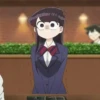 (11)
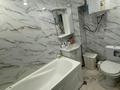 2-комнатная квартира · 59 м² · 1/6 этаж, Ворушина 10 за 21 млн ₸ в Павлодаре — фото 2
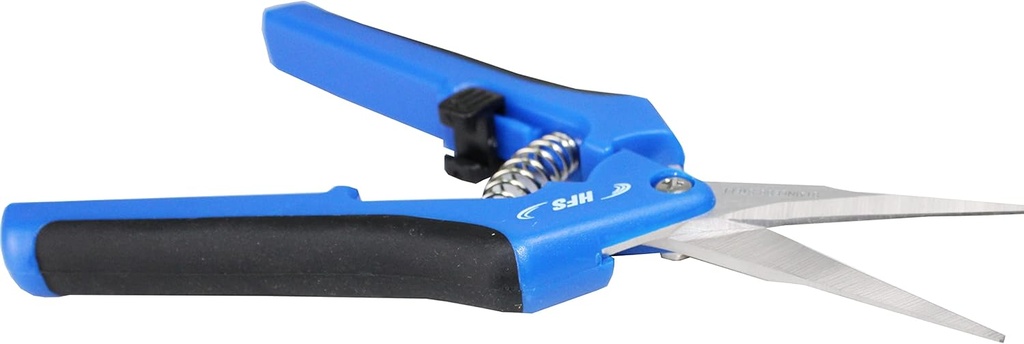 hfsr-garden-scissor-pruner-shear-micro-t-4.jpg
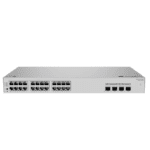 Switch Gigabit 24 Puertos 210GE SFP+ Huawei eKit S220S-24P4J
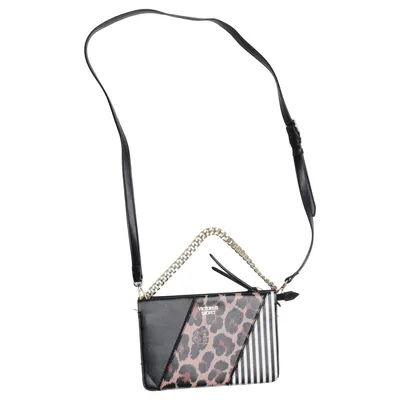 Axelremsväska (Svart) från Victoria's Secret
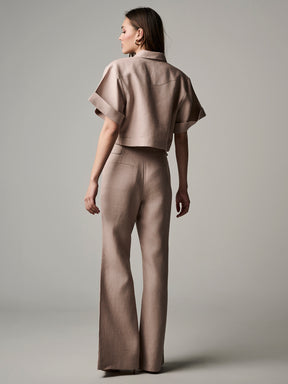 ELLISON TOP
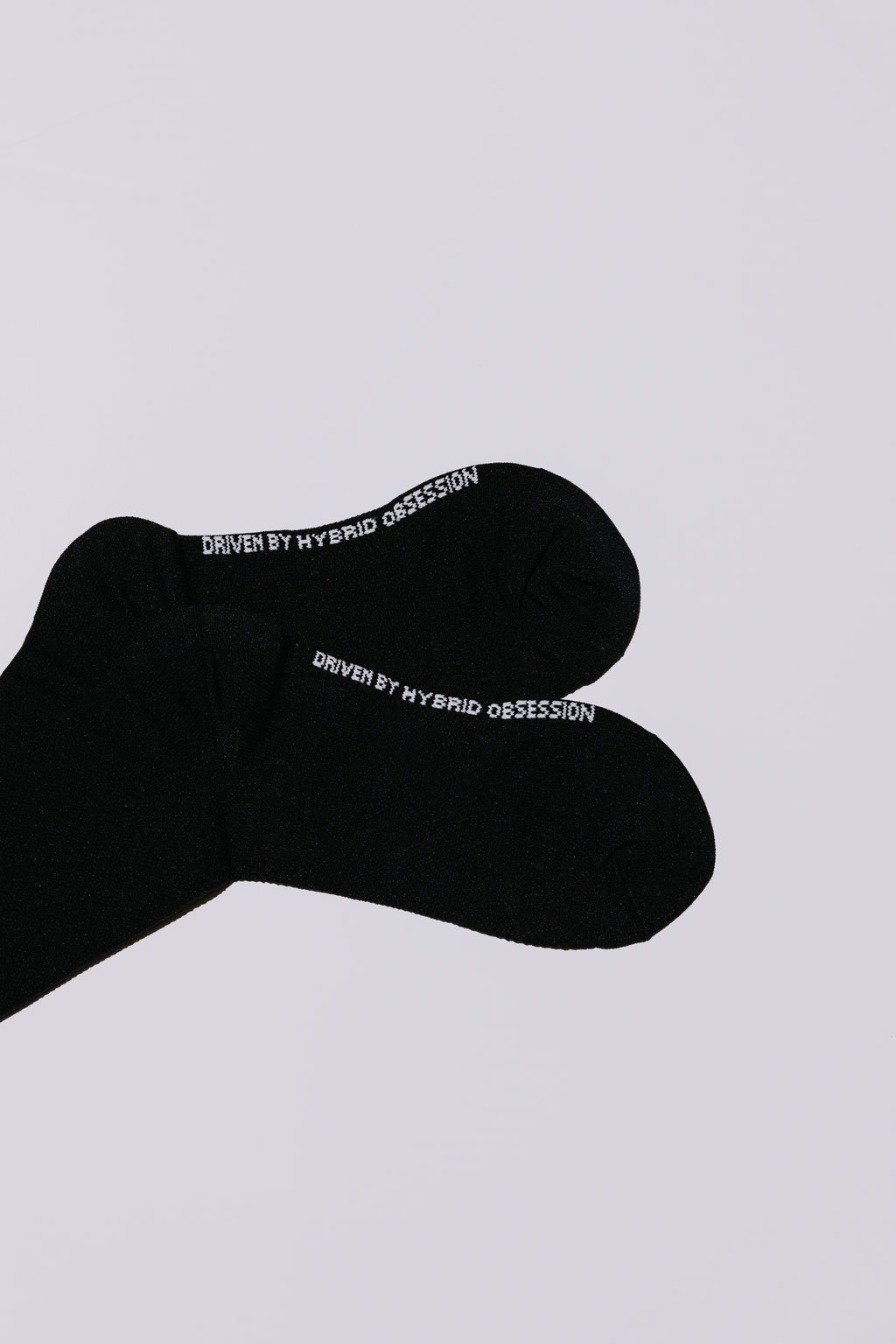 ATHLEVEL - Performance Socks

(WORK REQUIRED):
Make a verbatim copy of all the entries and strip out the pictures.

(EXERCISE RESULT):
 (11)
 2-комнатная квартира · 59 м² · 1/6 этаж, Ворушина 10 за 21 млн ₸ в Павлодаре — фото 2
 hfsr-garden-scissor-pruner-shear-micro-t-4.jpg
 Switch Gigabit 24 Puertos 210GE SFP+ Huawei eKit S220S-24P4J
 Axelremsväska (Svart) från Victoria's Secret
 ELLISON TOP
 ATHLEVEL - Performance Socks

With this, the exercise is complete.